Ma sono parole che risalgono al 1937: scritte – subendone peraltro spiacevoli conseguenze – da un nome prestigioso del clero friulano, noto fra le tante cose soprattutto per la fondazione dell’Istituto Bearzi e per la sua avventura di cappellano militare nella Campagna di Russia. Si tratta di Gugliemo Biasutti (1904-1985, nelle foto), che dichiarò di aver deciso di stampare (con lo pseudonimo di G. Natti Dubois) il libro “Ebrei e cattolici in Italia” su richiesta di alcuni suoi amici ebrei.

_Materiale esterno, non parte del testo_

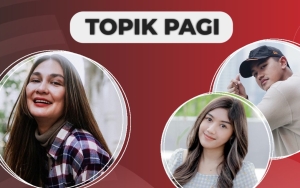 Luna Maya Tenteng Tas Seharga Rumah, Kaesang Pamer Erina Gudono Cantik Bermahkota - Topik Pagi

Destava inquietudine, infatti, la fresca pubblicazione in Italia di scritti alquanto ostili nei confronti degli ebrei. Su tutti quello che, proprio nel 1937, aveva aperto la polemica antiebraica su larga scala: “Gli Ebrei in Italia” di Paolo Orano, che in buona sostanza poneva gli ebrei di fronte alla drastica scelta di perdere del tutto la propria identità per essere considerati autentici cittadini.
Nel complesso, il mondo cattolico manifestava una certa riluttanza a partecipare alla discussione sul libro di Orano (recensito da altri con entusiasmo, per quanto in un clima di stampa controllata). E anche in seguito fu chiaro come fosse davvero arduo per i cattolici elaborare un modo di porsi nuovo verso gli ebrei.
Già dal 1936, anche (ma non solo) per l’avvicinamento del fascismo al nazismo, le cose erano andate peggiorando per gli ebrei nella Penisola. Oltre al regime, cominciarono ad attaccarli certi giornali umoristici, cui si aggiunsero altri di vario tipo. Né si astennero voci cattoliche influenti, quali “La Civiltà Cattolica”, in sintonia con la Santa Sede: la rivista dei gesuiti, infatti, da una parte deplorava le persecuzioni e il “neopaganesimo razzista”; dall’altra, tuttavia, non smetteva di dipingere gli ebrei come invadenti padroni del denaro desiderosi di dominare il mondo, proponendo forme “moderate” di limitazione della loro presenza. Anche con l’avvio della legislazione razzista italiana – dall’autunno del 1938 – la linea cattolica prevalente non rinunciava a consueti stereotipi nei confronti dei cittadini israeliti, prospettando come unica vera soluzione la loro conversione al cattolicesimo. Ma è proprio in questo scenario che il libro scritto da don Biasutti 80 anni fa emergere come uno dei rarissimi interventi di segno almeno in parte diverso. Indicò, infatti, un atteggiamento minoritario di dialogo e di rispetto, che avrebbe favorito – dopo l’abisso della Shoah – la nascita di buoni frutti. Basti dire che, nonostante limiti propri dell’epoca e aspetti discutibili, “Ebrei e cattolici in Italia” considerava gli ebrei “fratelli maggiori” dei cristiani: un’espressione ripresa da papa Wojtyla nella Sinagoga di Roma 50 anni più tardi, nel 1986. Un anno dopo la morte del sacerdote friulano. (va.ma.)